---------- Data in this exercise ----------

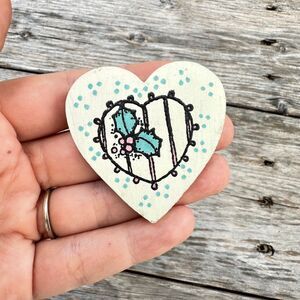 Vintage Jewelry Shabby Chic Heart brooch pin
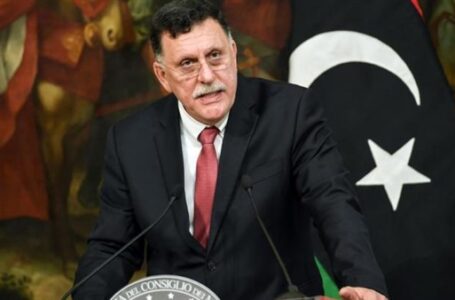 السراج ووزير الدفاع الإيطالي يناقشان الأوضاع في ليبيا
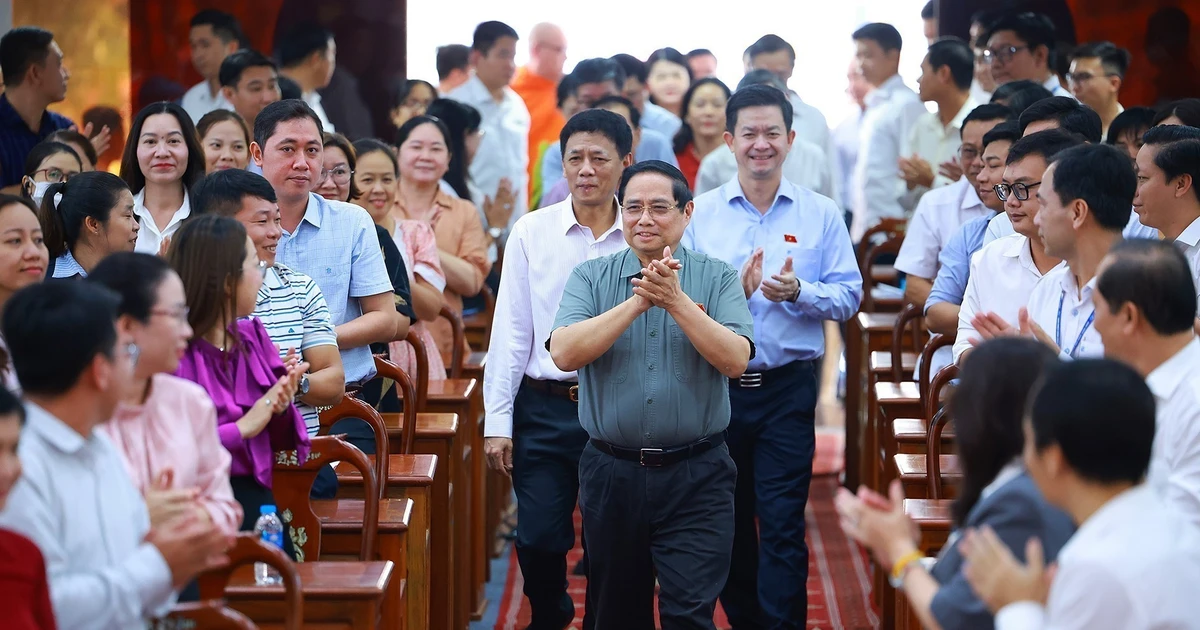 范明正总理在芹苴市开展接待选民活动。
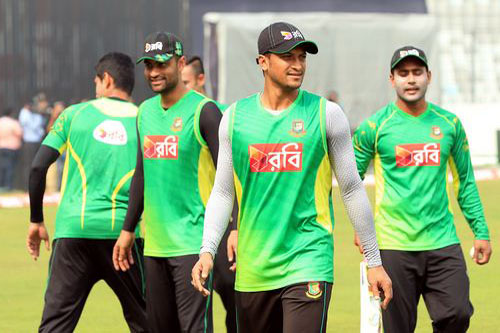 পরিবর্তন নেই শেষ দুই টি-টোয়েন্টির স্কোয়াডে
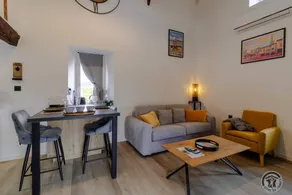 Gite with terrace & garden - Image 4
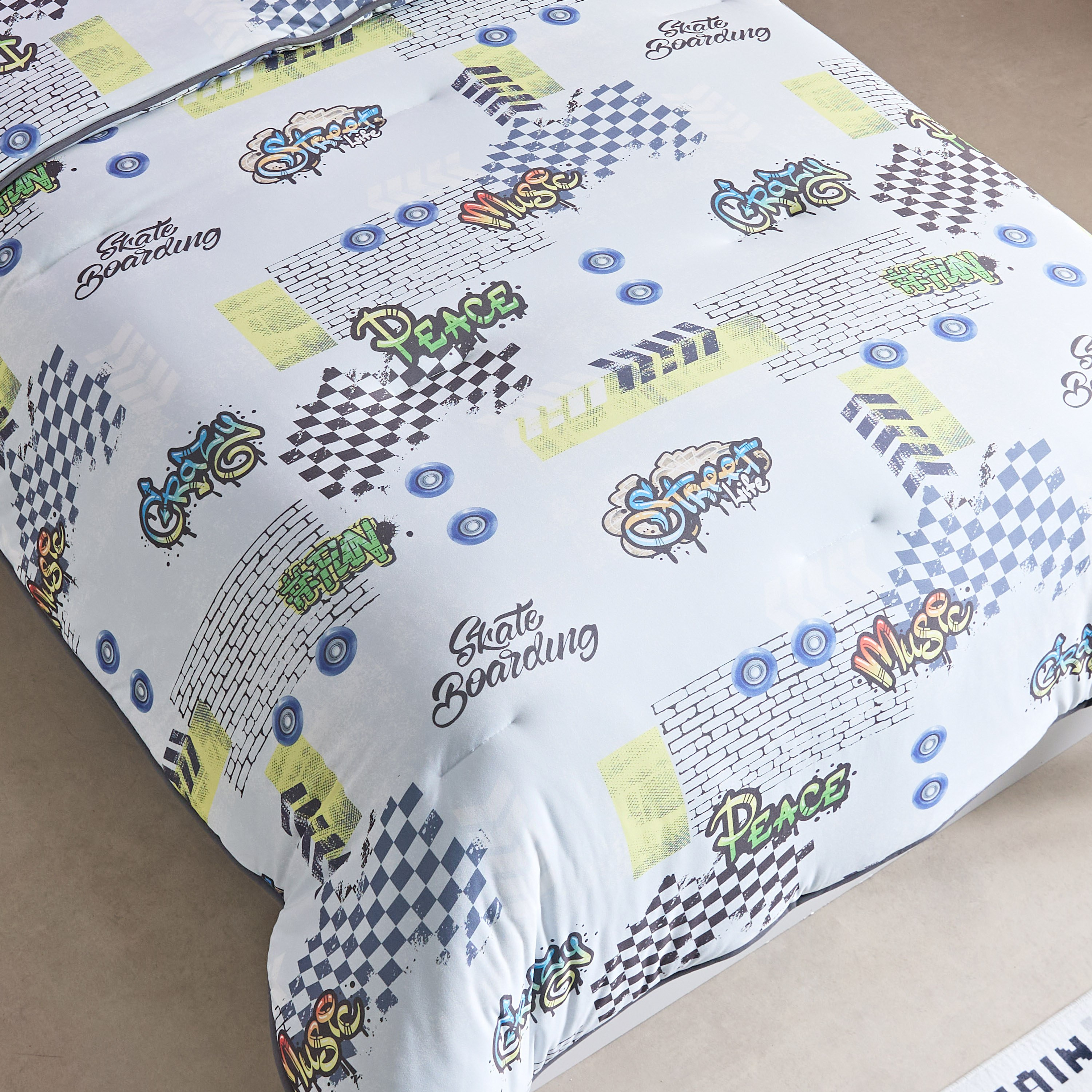 طقم لحاف جيرسي فردي من الألياف الدقيقة قطعتين بطبعات من توم جيرهيد - 135x220 سم-hbxhomeware-hbxkidsandyouth-image-4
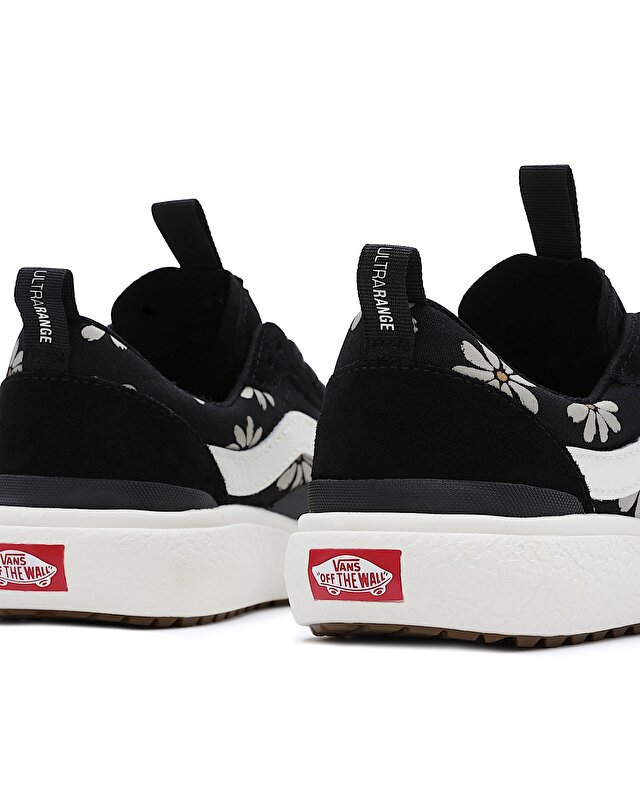 ULTRARANGE EXO SE PAINTED FLORAL AYAKKABI Black/White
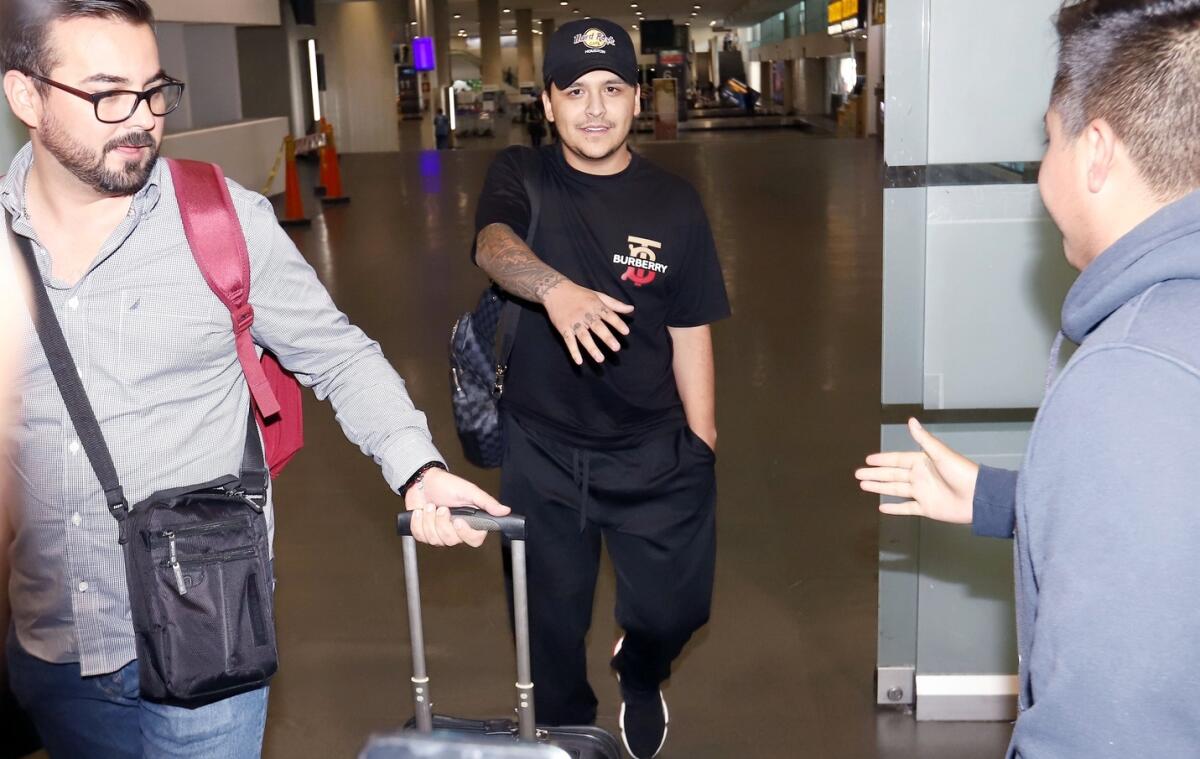 Christian Nodal a su llegada al aeropuerto.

----------

What to produce: Could the material above be written out again word for word, with the pictures dropped?

Reply:
 Vintage Jewelry Shabby Chic Heart brooch pin
 السراج ووزير الدفاع الإيطالي يناقشان الأوضاع في ليبيا
 范明正总理在芹苴市开展接待选民活动。
 পরিবর্তন নেই শেষ দুই টি-টোয়েন্টির স্কোয়াডে
 Gite with terrace & garden - Image 4
 طقم لحاف جيرسي فردي من الألياف الدقيقة قطعتين بطبعات من توم جيرهيد - 135x220 سم-hbxhomeware-hbxkidsandyouth-image-4
 ULTRARANGE EXO SE PAINTED FLORAL AYAKKABI Black/White
 Christian Nodal a su llegada al aeropuerto.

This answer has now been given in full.